2. If social media is getting you down and making you feel like a mess, think about someone you know intimately, and how they use social media.  Hell, examine how you use social media.  I have a lot of friends whose Facebook feeds are full of perfect Kodak moments, and it makes me feel like a trash fires most days (which is one reason why I really don want to start normalizing messy homes and imperfection), but think of one of those people who you, like, really know.  I think of my sister and my best friends.  I know their lives pretty well, and I know for a fact that what makes it’s way to Facebook makes it’s way there because it’s some of the rare moments of her kids being peaceful and getting along (my sister), or her doing social/family events instead of working awful hours (my friends).  I’ve been to my sister’s house, so I know it goes through cycles and stages of being a goddawful mess and being clean, but in the photos she posts, lo and behold, they’re always taken against a clean backdrop (sometimes it’s a different part of the room, sometimes, she sweeps stuff out of the way with her foot before snapping the photo).  My point is, you know — like, deep down, you know — the stuff going up on social media is not emblematic, necessarily, of anyone’s absolute reality.  So stop acting like it is.  Or, even better — be part of the movement to normalize the mess.  Post videos of your kids playing in a trashed room.  Take your selfies even if there’s a pile of clothes on your floor.

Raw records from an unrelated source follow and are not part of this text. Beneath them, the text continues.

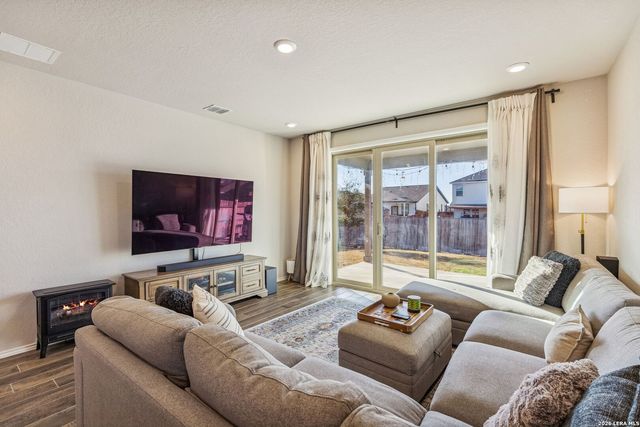 4303 Brigade Bend, Converse, TX 78109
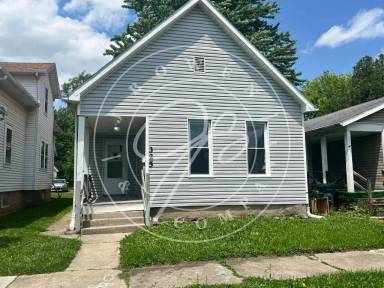 Main picture of 319 E Streicher St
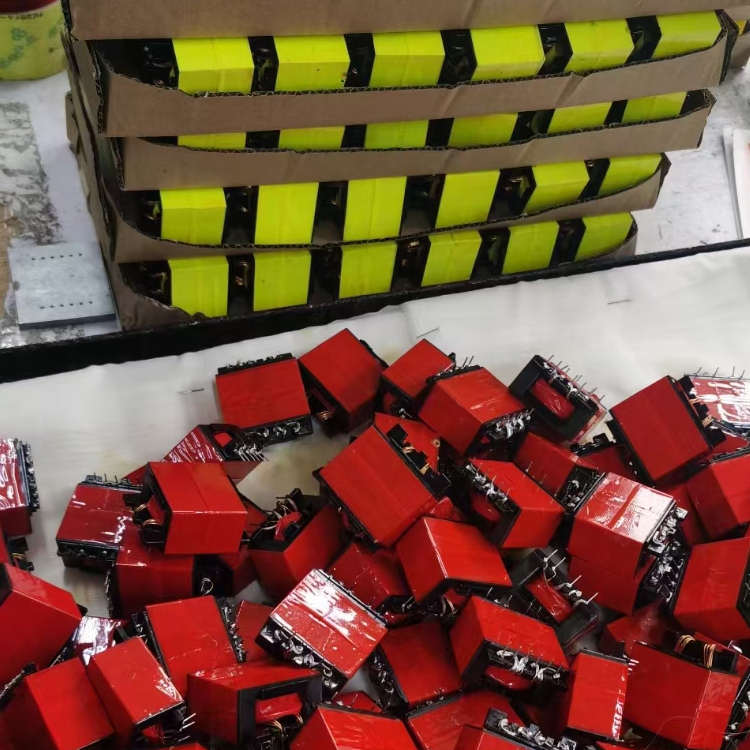 高频变压器EE10EE13EE16EE19EE20EE22EE25EE28EE30EE33电感变压器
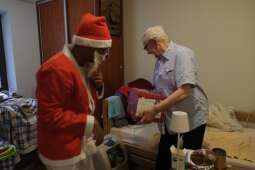 DSCF1497.jpg-Mikołajkowy finał pełen wzruszeń w Domu Helclów.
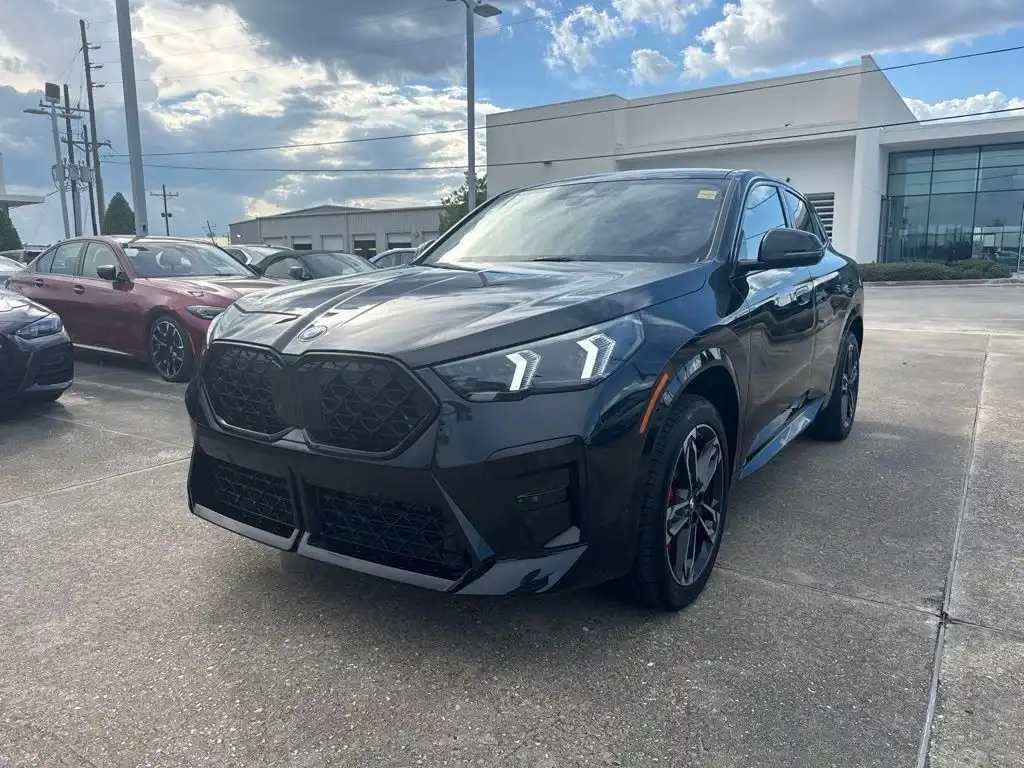 2026 BMW X2 xDrive28i's photo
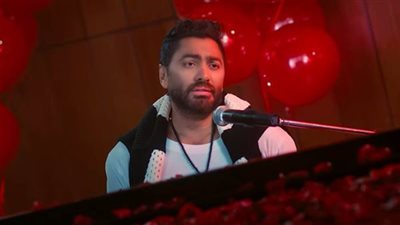 تامر حسني يفاجئ جمهوره بـ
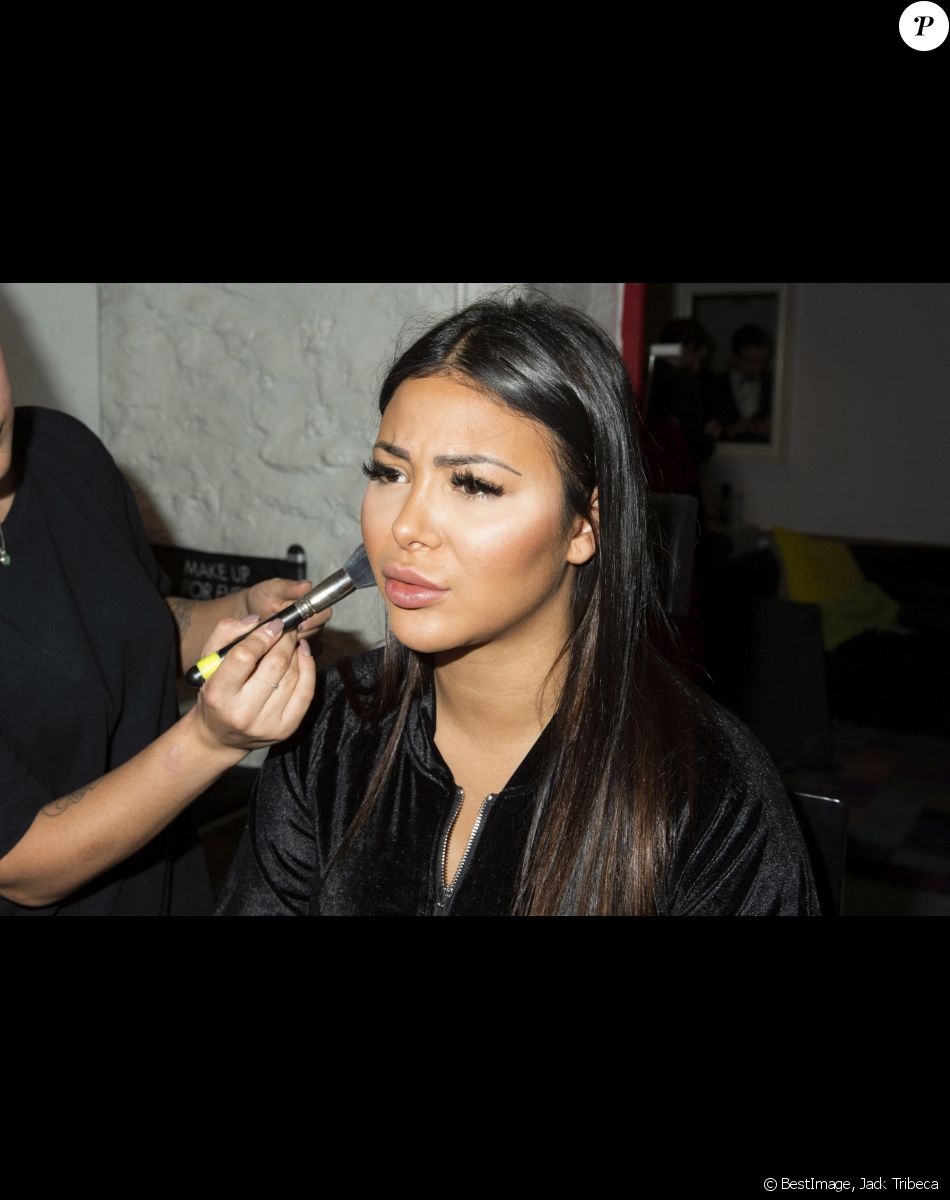 Exclusif - Maeva Ghennam - Enregistrement de l'émission "L'instant de Luxe" pour la chaîne "Non Stop People" à Paris le 10 octobre 2019. © Jack Tribeca/Bestimage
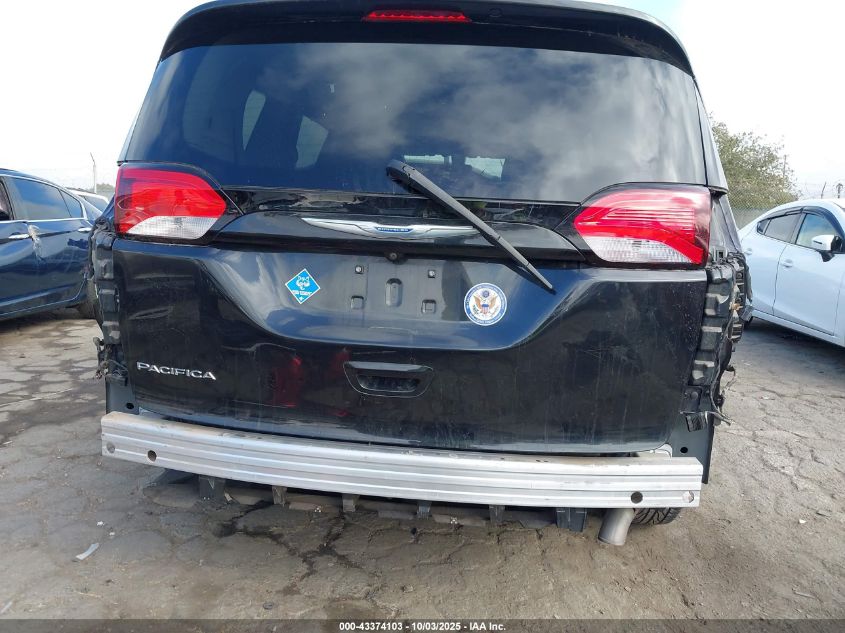 2018 Chrysler Pacifica Touring L Plus VIN: 2C4RC1EGXJR112743 Lot: 43374103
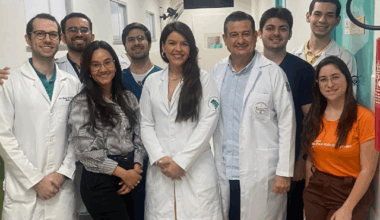 Imagem: Juliana Ramos e equipe reunida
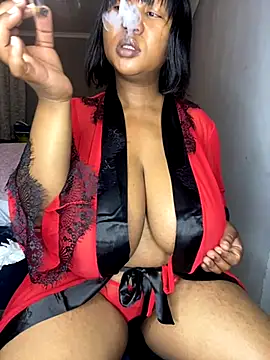 Snapshot of MayaPassion chatting on September 2025 05:24:02 PM MayaPassion online show from September 2025 05:24:02 PM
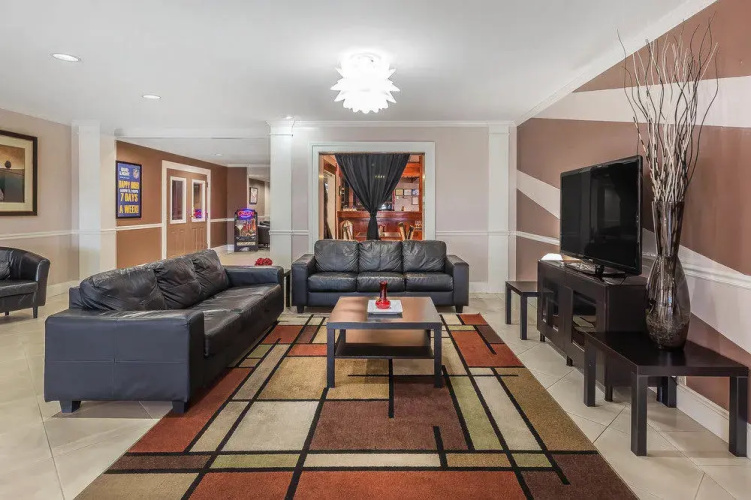 Clarion Inn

3. Focus on completing three tasks per day, whatever they may be — and be ok with letting that be it.  Look, if you are feeling good, and motivated, and raring to go after completing those three tasks, then by all means, keep going.  But know that you don’t have to.  And don’t worry about what those tasks are.  Stopping at the post office to mail your bills or taking ten minutes to pay them online is just as important as scrubbing the toilets (more so, if you think about it — those toilets won’t be super useful if you haven’t paid your water bill, right?)  Just because a task isn’t time consuming or physically draining doesn’t mean it’s not important.  Some days, you’re energy is so low, that’s all you can do — so do it, and don’t worry about anything else.  Low energy days are great days for clearing out your email inbox (err, which I desperately need to do), responding to emails, paying bills, updating your planner, making a meal plan.  Days when you feel better, you can mix in clearing out the fridge, getting all the dishes washed and put away, doing a load of laundry, or vacuuming the rug.  Just, pick three, do them, and do them as well as you can.

Again, I’m still trying to internalize these — the last three are so, so much harder than the first three for me, but I’m getting there.

We don’t owe perfection to anyone.  We just need to be putting in an effort.  Your best some days is going to be better — or worse– then your best on other days.  Things change, people change, and we have to roll with it.

It’s not easy, but we have to just keep moving.